(The data begins)

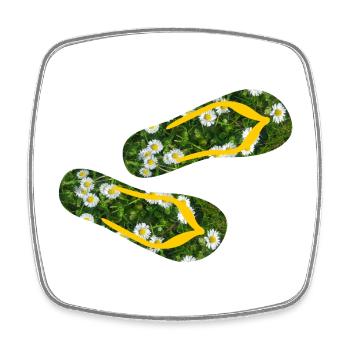 Slippers Daisies Flip Flops Camping Lawn - Square fridge magnet - white - Front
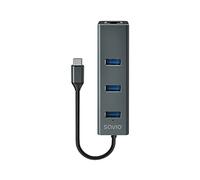 Savio AK-57 USB-C - 3 x USB-A HUB with RJ-45 Gigabit Ethernet adapter 5000 Mbit/s grey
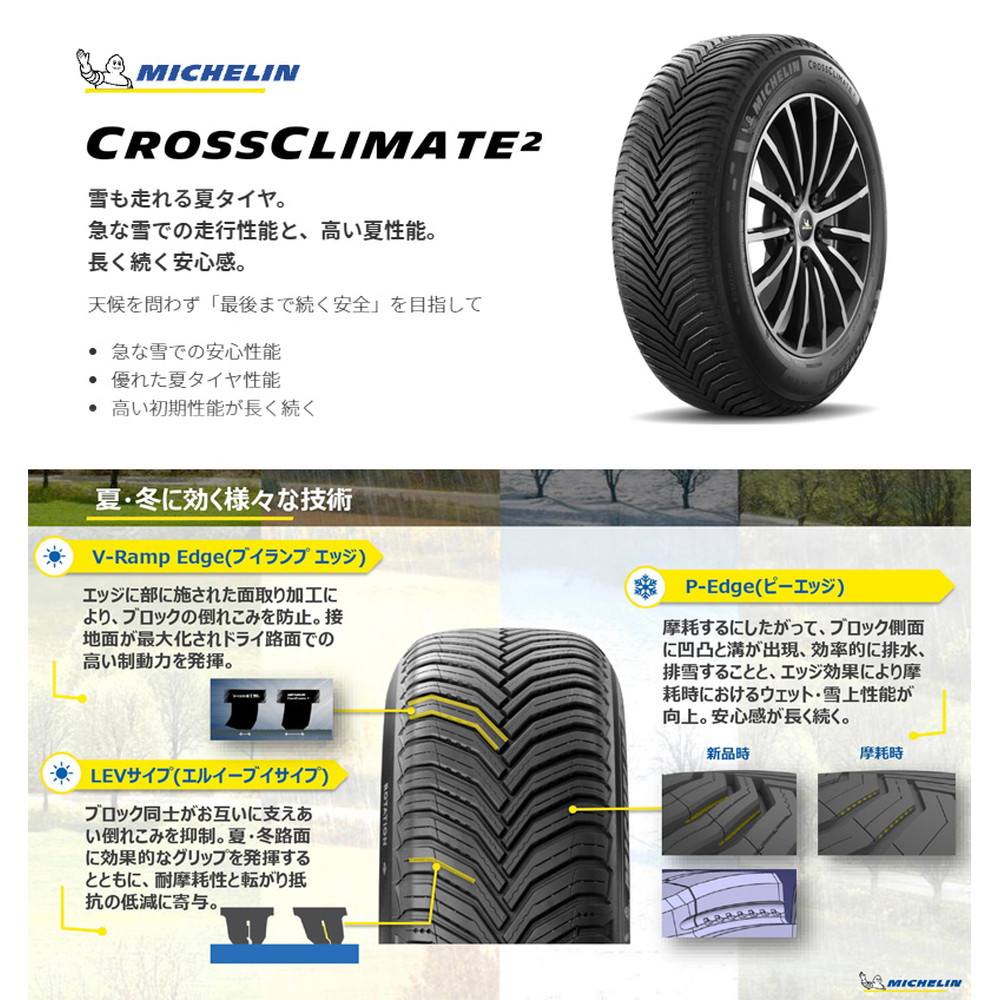2022年製　ミシュラン　クロスクライメート２　215/55R17　バリ溝　4本 CROSSCLIMATE 2022年製 オールシーズンタイヤ ミシュラン 2 クロス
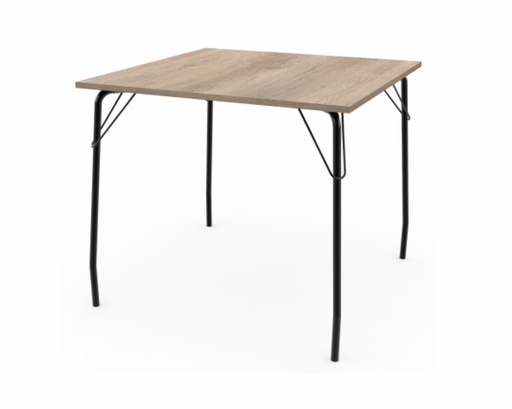 [MBK085] Mesa Brooklyn Cuadrada 0.85 Mt Tapa Nebraska Patas Negras 850X750X850Mm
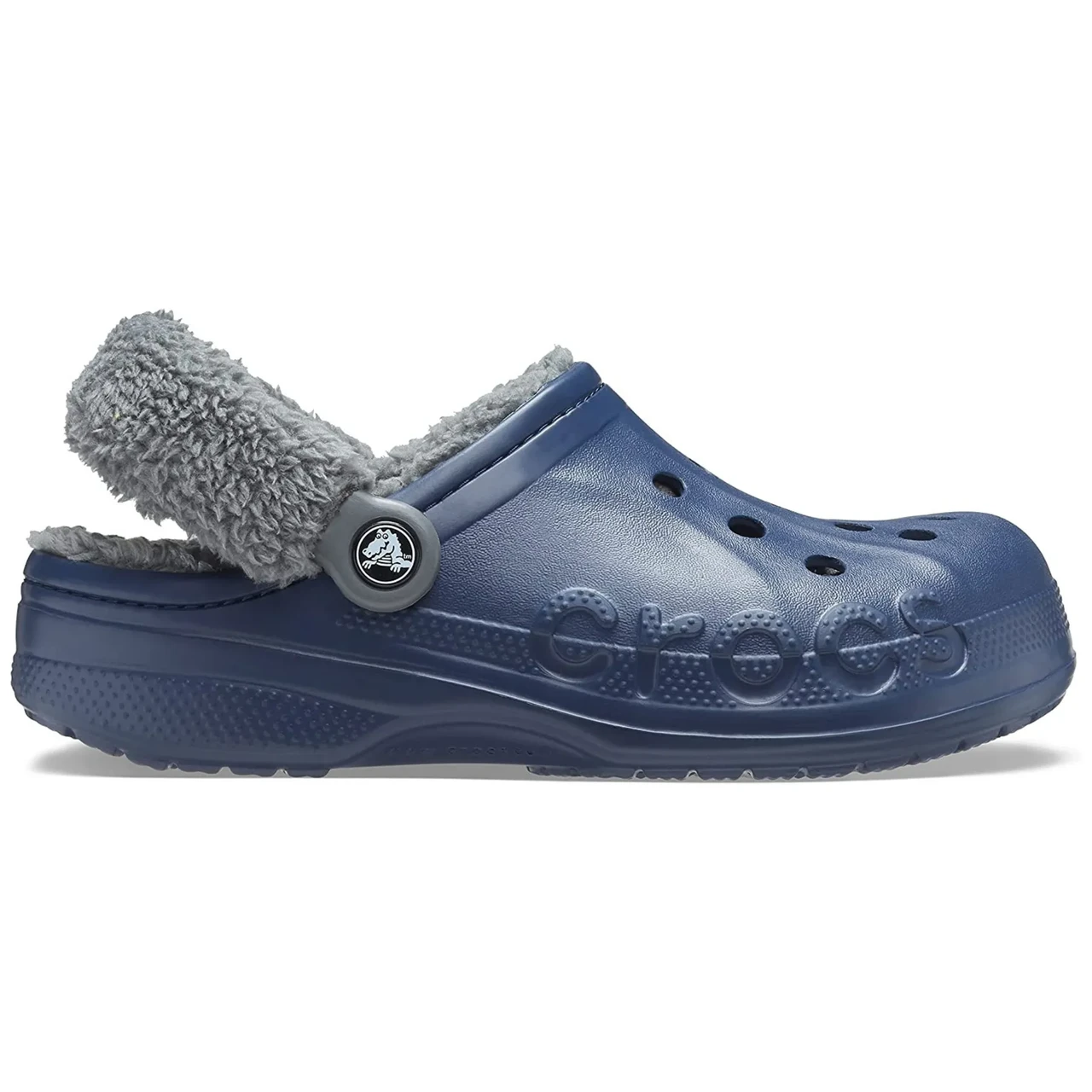 Чоловічі/жіночі сабо Crocs Baya Lined Fuzz-Strap Navy / Bright Grey з хутром | Утеплені Crocs оригінал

(The data ends)

** What needs to be done **
With the pictures excluded, transcribe word for word only the lines from the one containing "2022年製　ミシュラン　クロスクライメート２　215/55R17　バリ溝　4本 CROSSCLIMATE 2022年製" through the last line of the records.

** Result of this exercise **
2022年製　ミシュラン　クロスクライメート２　215/55R17　バリ溝　4本 CROSSCLIMATE 2022年製 オールシーズンタイヤ ミシュラン 2 クロス
 [MBK085] Mesa Brooklyn Cuadrada 0.85 Mt Tapa Nebraska Patas Negras 850X750X850Mm
 Чоловічі/жіночі сабо Crocs Baya Lined Fuzz-Strap Navy / Bright Grey з хутром | Утеплені Crocs оригінал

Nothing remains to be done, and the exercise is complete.